How to Make an Insanely Delicious Burger

Just a few simple tricks and techniques keep juicy patties from turning into hockey pucks.
Published May 20, 2016
4 burger patties cooking on an outdoor grill4 burger patties cooking on an outdoor grill

Great burgers are the foundation of a classic backyard barbecue (along with the backyard, of course). But they can go horribly wrong. The challenge is to make sure your burgers stay juicy and flavorful so they don’t become dried-out pucks that taste like cardboard. Building a better burger isn’t about what’s piled on the outside, but rather (like people), it’s what’s on the inside that counts (we know—deep!), no matter if you’re using ground beef, turkey, pork, or chicken. With our trade secrets in mind, anyone can become a true Burger King (or Queen). 

In a nutshell, burgers put you in a bind because they must be cooked to fairly high internal temperatures (140°F to 165°F) to kill off any bugs. Those high temps, however, can cook the juices right out of the meat. On the surface, that problem is solved by using high-fat ground meats. The more fat in the mix, the juicier the burger over the heat. However, all that fat adds PersonalPoints values, and you don’t want that. So to keep your burgers juicy and low in PersonalPoints, use lean meats and the following two secret ingredients.

Secret ingredient No. 1: Mushrooms


’Shrooms are so full of natural moisture that they’ll baste the patties from the inside out while they cook. In a food processor fitted with the chopping blade, grind 1/4 pound of mushrooms until they are coarse like sand. Mix the mushrooms into 2 pounds of lean ground beef, white-meat turkey, white-meat chicken, lean pork, or veal.

Bonus trick: Mushrooms add lots of moisture to ground meat, but they also add color. With beef, veal, and pork, use darker ’shrooms, such as portobello, cremini, or shiitake mushrooms. With chicken and turkey, use white button, oyster, or porcini mushrooms.

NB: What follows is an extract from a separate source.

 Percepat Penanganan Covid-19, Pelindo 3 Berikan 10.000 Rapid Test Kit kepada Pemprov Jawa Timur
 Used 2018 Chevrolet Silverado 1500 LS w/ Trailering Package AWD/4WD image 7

Secret ingredient No. 2: Condiments


Instead of wasting the juices of your favorite condiments on the outside of your burger, cook them right into it! Before grilling, broiling, or frying your meat, mix in 3 tablespoons of any of these condiments:

  • Mango chutney
  • Bottled barbecue sauce
  • Jarred salsa
  • Dijon or deli mustard
  • Honey mustard
  • Ketchup
  • Worcestershire sauce
  • Thai peanut sauce
  • Hoisin sauce
  • Bottled sweet-and-sour sauce (sometimes called duck sauce)

Fire ’em up!


Once your 2 pounds of ground meat is mixed with the mushrooms and condiments, divide it into 8 equal balls. Flatten each to about a 1/2-inch-thick patty. Use your thumb to make an indentation in the center on one side of each patty. This little well will keep the patties from balling up over the heat.

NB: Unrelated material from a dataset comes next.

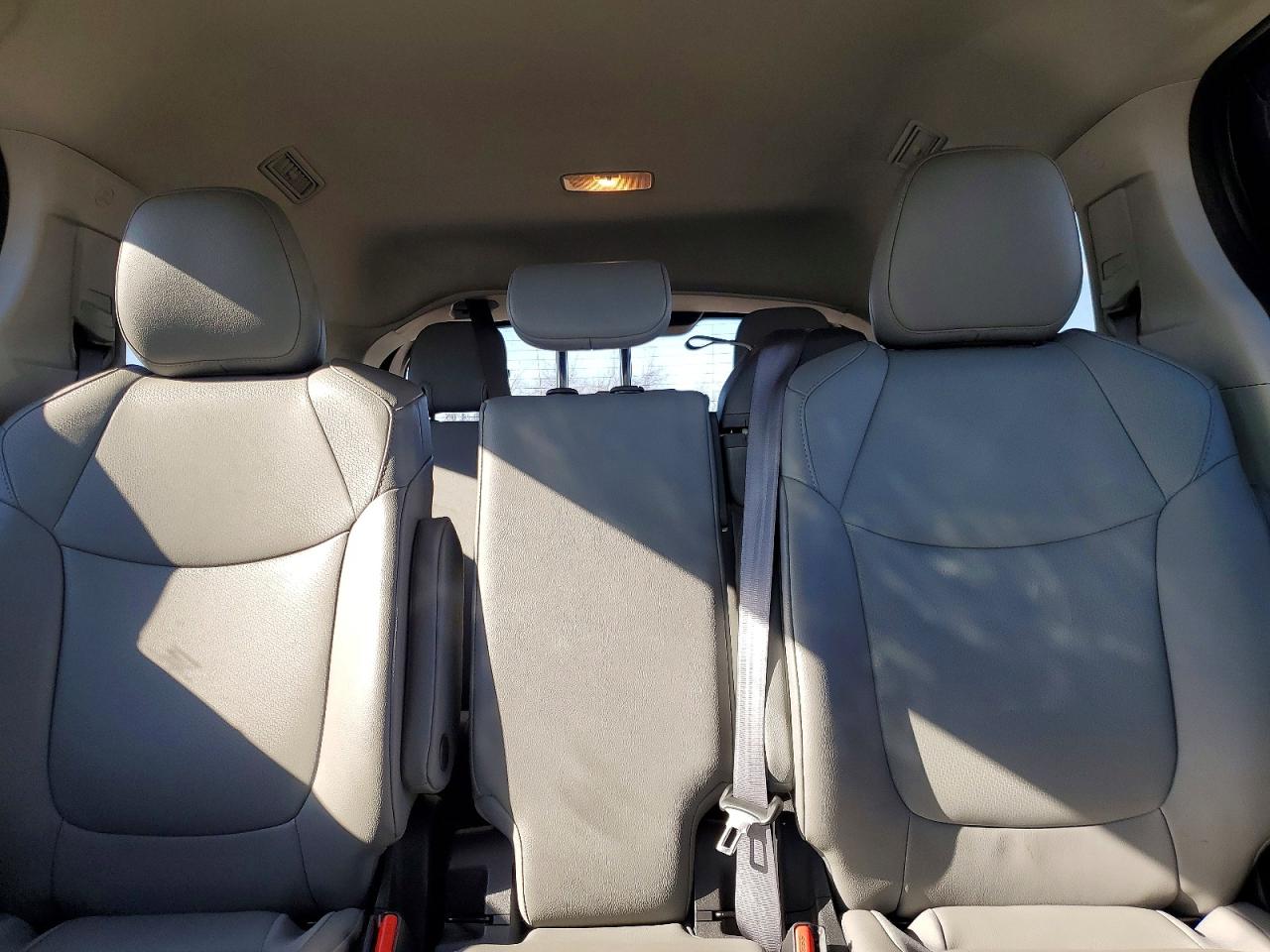 2022 TOYOTA SIENNA photo 10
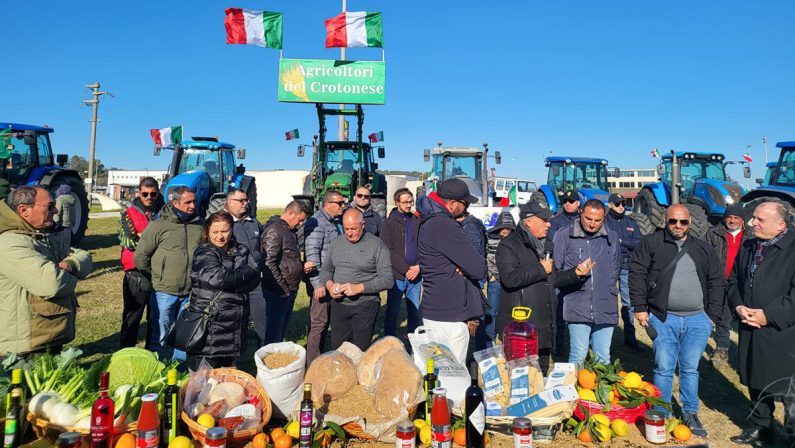 Il vescovo di Crotone alla protesta degli agricoltori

Heat your grill to high, or preheat your broiler to high and set the rack 4 to 6 inches from the heat source. Arrange the patties directly over the heat on the grill or on a large rimmed baking sheet to go under the broiler.

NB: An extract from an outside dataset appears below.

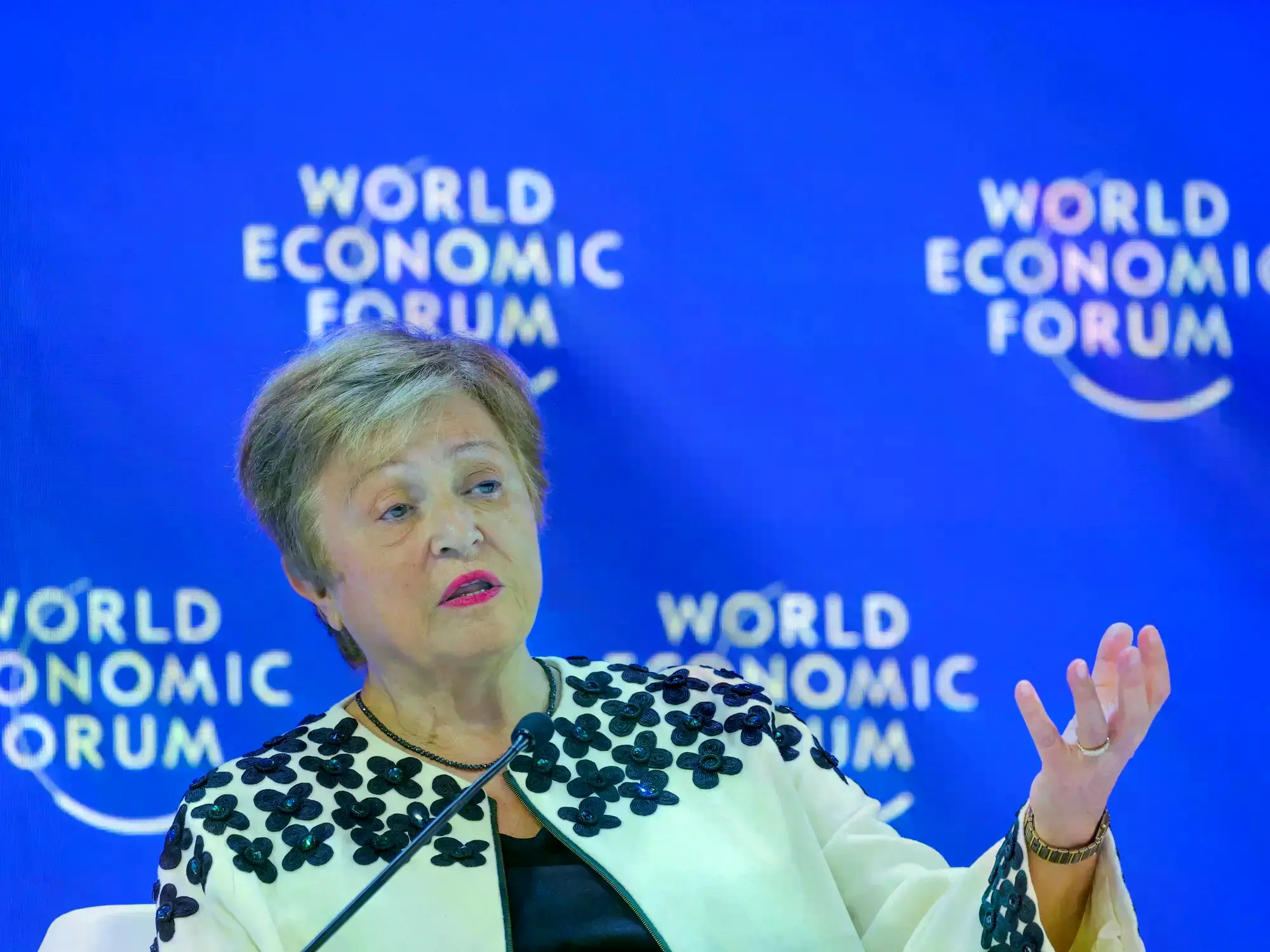 Kristalina Georgieva habló de la incertidumbre agravada por la guerra.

Important note: There’s no point in pushing down on burgers as they cook, unless you’re a pyromaniac who likes to see flames shoot up. You’ve worked to keep the juices and flavors in your burgers, so leave them be until you’re ready to turn them, unpressed.

For beef and veal, cook the burgers until an instant-read thermometer inserted into the center of a patty registers 145°F, about 8 minutes, turning once.

Cook chicken, turkey, and pork burgers until an instant-read thermometer inserted into the center of a patty registers 160°F, about 12 minutes, turning once.

It’s burger time! Make sure you’ve got lots of chopped lettuce, sliced tomatoes, shredded carrots, and sprouts to go on whole-wheat buns with the patties—and an ice-cold beer at the ready.